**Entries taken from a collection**
- - - - -
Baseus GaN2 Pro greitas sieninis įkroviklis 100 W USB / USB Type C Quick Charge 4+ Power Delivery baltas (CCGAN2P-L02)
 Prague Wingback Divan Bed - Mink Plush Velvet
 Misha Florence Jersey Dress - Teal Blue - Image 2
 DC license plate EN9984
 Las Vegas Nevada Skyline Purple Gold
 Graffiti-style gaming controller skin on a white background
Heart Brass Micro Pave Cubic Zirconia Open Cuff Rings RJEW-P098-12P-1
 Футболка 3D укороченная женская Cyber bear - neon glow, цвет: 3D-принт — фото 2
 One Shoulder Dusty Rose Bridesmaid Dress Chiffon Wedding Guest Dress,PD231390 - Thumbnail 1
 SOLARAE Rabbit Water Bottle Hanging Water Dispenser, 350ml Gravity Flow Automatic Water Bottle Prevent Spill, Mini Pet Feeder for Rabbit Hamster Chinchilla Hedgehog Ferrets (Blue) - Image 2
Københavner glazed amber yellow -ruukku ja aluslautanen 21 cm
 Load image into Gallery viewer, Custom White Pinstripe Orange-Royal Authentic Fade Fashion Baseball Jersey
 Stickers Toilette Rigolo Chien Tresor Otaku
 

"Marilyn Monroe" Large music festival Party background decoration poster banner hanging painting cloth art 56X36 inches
- - - - -
**What the task asks**
Quote all of the entries verbatim.

**Output for this exercise**
Baseus GaN2 Pro greitas sieninis įkroviklis 100 W USB / USB Type C Quick Charge 4+ Power Delivery baltas (CCGAN2P-L02)
 Prague Wingback Divan Bed - Mink Plush Velvet
 Misha Florence Jersey Dress - Teal Blue - Image 2
 DC license plate EN9984
 Las Vegas Nevada Skyline Purple Gold
 Graffiti-style gaming controller skin on a white background
Heart Brass Micro Pave Cubic Zirconia Open Cuff Rings RJEW-P098-12P-1
 Футболка 3D укороченная женская Cyber bear - neon glow, цвет: 3D-принт — фото 2
 One Shoulder Dusty Rose Bridesmaid Dress Chiffon Wedding Guest Dress,PD231390 - Thumbnail 1
 SOLARAE Rabbit Water Bottle Hanging Water Dispenser, 350ml Gravity Flow Automatic Water Bottle Prevent Spill, Mini Pet Feeder for Rabbit Hamster Chinchilla Hedgehog Ferrets (Blue) - Image 2
Københavner glazed amber yellow -ruukku ja aluslautanen 21 cm
 Load image into Gallery viewer, Custom White Pinstripe Orange-Royal Authentic Fade Fashion Baseball Jersey
 Stickers Toilette Rigolo Chien Tresor Otaku
 

"Marilyn Monroe" Large music festival Party background decoration poster banner hanging painting cloth art 56X36 inches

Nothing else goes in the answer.